To her, this isn’t just “posting content”—it’s reducing isolation, one piece of timely information at a time.
Working in a women-dominated field—by choice, not by default
Care and social support roles are often filled by women. When asked whether gender shaped her decision to enter this field, Tianyi is clear:
“For me personally, I didn’t choose this work because I’m a woman. I chose it because I believe in its meaning.”
At the same time, she is aware that emotional and caregiving labor is often expected of women, both professionally and at home. She hopes the field continues to welcome people of all genders and backgrounds, so caregiving is recognized as skilled, respected work—not an assumption placed on one group.
It’s a thoughtful balance: Tianyi understands the structural reality, but stays grounded in her own intentional choice.

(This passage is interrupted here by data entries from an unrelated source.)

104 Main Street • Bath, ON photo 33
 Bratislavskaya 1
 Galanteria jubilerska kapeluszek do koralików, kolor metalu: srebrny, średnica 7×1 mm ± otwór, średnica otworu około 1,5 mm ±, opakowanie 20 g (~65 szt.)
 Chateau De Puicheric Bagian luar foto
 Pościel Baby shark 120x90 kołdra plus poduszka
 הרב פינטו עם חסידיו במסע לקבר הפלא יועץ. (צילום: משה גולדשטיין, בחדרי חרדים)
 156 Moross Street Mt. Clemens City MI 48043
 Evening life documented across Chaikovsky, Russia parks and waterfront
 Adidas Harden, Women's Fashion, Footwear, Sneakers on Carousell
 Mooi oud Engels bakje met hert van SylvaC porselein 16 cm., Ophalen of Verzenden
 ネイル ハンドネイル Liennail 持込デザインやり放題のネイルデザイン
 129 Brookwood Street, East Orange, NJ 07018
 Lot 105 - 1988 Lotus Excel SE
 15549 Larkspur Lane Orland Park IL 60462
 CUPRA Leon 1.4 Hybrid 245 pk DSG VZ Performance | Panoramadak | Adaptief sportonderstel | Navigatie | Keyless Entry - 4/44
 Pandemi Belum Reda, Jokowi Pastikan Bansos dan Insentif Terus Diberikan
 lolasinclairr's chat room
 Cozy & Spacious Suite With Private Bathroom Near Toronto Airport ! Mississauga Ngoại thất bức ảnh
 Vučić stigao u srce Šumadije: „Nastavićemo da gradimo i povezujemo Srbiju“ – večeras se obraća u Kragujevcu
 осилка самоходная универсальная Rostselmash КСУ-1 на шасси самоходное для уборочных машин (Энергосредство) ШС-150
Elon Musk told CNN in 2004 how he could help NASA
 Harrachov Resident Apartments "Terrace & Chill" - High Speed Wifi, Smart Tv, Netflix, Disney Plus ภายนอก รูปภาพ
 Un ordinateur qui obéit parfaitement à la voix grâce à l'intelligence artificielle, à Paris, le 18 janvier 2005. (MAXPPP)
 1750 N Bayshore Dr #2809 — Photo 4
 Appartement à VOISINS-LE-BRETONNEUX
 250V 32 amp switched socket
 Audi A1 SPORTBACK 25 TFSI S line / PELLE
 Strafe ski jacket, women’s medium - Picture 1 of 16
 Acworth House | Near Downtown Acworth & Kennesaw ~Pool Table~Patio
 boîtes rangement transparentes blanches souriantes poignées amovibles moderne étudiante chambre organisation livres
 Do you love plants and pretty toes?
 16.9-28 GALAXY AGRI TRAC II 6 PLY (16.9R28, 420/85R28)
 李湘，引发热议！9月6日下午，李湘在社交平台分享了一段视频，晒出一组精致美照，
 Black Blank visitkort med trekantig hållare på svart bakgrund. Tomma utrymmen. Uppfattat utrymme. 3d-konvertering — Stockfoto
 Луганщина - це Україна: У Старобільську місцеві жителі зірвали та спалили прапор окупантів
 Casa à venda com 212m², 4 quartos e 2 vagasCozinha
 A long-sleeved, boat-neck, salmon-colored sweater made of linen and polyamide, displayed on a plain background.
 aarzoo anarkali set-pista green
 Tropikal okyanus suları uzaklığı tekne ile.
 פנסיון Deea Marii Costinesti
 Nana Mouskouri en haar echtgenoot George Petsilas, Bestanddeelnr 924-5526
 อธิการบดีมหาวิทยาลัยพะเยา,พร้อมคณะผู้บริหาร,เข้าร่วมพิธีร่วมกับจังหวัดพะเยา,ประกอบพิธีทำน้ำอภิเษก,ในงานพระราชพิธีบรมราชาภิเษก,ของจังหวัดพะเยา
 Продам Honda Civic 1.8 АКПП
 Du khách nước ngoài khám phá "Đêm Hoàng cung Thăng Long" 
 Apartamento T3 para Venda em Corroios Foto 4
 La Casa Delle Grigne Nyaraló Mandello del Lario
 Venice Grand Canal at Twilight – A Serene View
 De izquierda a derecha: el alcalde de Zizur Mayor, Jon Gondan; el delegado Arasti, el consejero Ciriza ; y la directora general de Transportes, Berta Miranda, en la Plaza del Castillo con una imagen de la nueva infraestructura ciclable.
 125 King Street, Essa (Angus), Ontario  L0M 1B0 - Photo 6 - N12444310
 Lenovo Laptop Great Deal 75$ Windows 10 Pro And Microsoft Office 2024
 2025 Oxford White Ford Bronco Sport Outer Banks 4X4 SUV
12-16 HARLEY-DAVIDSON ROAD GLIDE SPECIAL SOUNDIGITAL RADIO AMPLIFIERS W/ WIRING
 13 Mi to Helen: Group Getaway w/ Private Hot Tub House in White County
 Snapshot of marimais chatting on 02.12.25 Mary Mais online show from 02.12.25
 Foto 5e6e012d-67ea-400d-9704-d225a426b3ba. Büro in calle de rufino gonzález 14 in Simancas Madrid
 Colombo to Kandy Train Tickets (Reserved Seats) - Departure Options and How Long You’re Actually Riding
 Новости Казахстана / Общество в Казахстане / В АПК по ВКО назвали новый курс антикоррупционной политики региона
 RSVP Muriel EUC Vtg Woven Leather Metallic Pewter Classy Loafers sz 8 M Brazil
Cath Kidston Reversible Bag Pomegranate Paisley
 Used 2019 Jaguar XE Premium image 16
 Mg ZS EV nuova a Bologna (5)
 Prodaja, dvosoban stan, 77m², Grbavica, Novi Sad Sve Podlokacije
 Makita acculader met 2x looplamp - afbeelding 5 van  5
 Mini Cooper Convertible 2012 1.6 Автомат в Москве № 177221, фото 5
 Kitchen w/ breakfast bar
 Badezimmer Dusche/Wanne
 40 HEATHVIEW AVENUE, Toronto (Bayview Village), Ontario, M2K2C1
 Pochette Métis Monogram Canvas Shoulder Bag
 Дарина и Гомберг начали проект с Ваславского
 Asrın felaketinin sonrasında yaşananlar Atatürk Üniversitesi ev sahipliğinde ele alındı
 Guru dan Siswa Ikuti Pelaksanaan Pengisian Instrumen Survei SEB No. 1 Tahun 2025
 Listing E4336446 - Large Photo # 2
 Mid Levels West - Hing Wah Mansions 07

Why Tianyi’s story matters
When we picture impact, we still tend to see the people in the room—the faces at the front desk, the hands on the wheel, the staff on-site. Tianyi rarely appears in that frame. She isn’t on campaign posters and she isn’t in front of the camera. She is the person making sure that room exists, that it’s safe to enter, and that everyone inside is connected to something larger than themselves.
Her work raises a quiet but urgent question: can someone on the other side of the world become part of a local community’s safety net? Tianyi proves the answer is yes. From twelve hours ahead, she holds threads that keep stories, schedules, and support systems from falling apart.